BRUXELLES: La Commission européenne veut agir vite. Elle se donne jusqu'au 20 décembre pour obtenir le feu vert des États européens sur l'accord commercial avec les pays latino-américains du Mercosur, que la France aura du mal à bloquer.
Le vote des Vingt-Sept, à la majorité qualifiée, pourrait même intervenir début décembre, selon une source au sein de la Commission.
Les agriculteurs européens sont toujours vent debout contre cet accord qu'ils jugent "inacceptable" et voient comme une menace directe pour des filières comme la viande et le sucre.
Mais Bruxelles estime avoir fait ce qu'il fallait pour les rassurer et... amadouer Paris.
La Commission a annoncé en septembre des mesures de sauvegarde renforcées pour les produits agricoles les plus sensibles, promettant une intervention en cas de déstabilisation du marché.
Les diplomates des pays européens devraient d'ailleurs approuver cette clause de sauvegarde ce mercredi.
Elle "sera efficace pour résoudre les problèmes", martèle le commissaire européen à l'Agriculture Christophe Hansen.

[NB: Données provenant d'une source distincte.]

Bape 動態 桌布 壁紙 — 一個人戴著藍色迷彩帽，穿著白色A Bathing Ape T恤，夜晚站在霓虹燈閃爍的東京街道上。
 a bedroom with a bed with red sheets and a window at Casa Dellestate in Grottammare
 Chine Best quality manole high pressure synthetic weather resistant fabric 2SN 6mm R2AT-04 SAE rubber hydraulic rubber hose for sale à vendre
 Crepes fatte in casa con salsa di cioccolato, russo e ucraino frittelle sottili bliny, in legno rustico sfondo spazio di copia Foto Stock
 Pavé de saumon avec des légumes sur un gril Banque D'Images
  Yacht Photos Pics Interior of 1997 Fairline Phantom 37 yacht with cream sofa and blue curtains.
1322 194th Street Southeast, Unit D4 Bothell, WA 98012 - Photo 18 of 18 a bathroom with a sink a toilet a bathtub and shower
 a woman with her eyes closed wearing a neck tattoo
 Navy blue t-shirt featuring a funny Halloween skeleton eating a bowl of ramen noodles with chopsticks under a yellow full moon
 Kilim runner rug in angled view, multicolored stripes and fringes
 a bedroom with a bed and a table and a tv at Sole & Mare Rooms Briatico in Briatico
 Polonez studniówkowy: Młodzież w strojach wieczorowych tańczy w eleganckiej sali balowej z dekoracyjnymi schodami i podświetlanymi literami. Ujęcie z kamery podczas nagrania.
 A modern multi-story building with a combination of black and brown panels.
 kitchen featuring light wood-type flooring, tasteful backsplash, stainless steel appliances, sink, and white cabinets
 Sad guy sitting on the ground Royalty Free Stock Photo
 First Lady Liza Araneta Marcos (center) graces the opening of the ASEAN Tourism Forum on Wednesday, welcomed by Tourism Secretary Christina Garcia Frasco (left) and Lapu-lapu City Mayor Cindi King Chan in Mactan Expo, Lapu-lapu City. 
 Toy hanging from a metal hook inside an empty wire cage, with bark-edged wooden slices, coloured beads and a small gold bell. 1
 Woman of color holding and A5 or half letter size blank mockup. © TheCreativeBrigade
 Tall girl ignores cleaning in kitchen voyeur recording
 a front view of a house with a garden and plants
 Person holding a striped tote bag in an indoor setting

Ce Luxembourgeois insiste au passage sur les "opportunités" que représente ce traité de libre-échange avec l'Argentine, le Brésil, l'Uruguay et le Paraguay pour les exportations européennes de vins et de produits laitiers. "Nous avons besoin d'exporter", a-t-il souligné après une réunion avec les ministres de l'Agriculture lundi.
Ce rendez-vous à Bruxelles a permis à chacun de réaffirmer ses positions.
Dans le camp des thuriféraires de l'accord, l'Allemagne et l'Espagne appellent à soutenir les exportateurs européens, notamment industriels, au moment où l'UE souffre sur le plan économique.
Ils jugent indispensables de diversifier les partenariats commerciaux depuis l'imposition de taxes douanières dans les États-Unis de Donald Trump.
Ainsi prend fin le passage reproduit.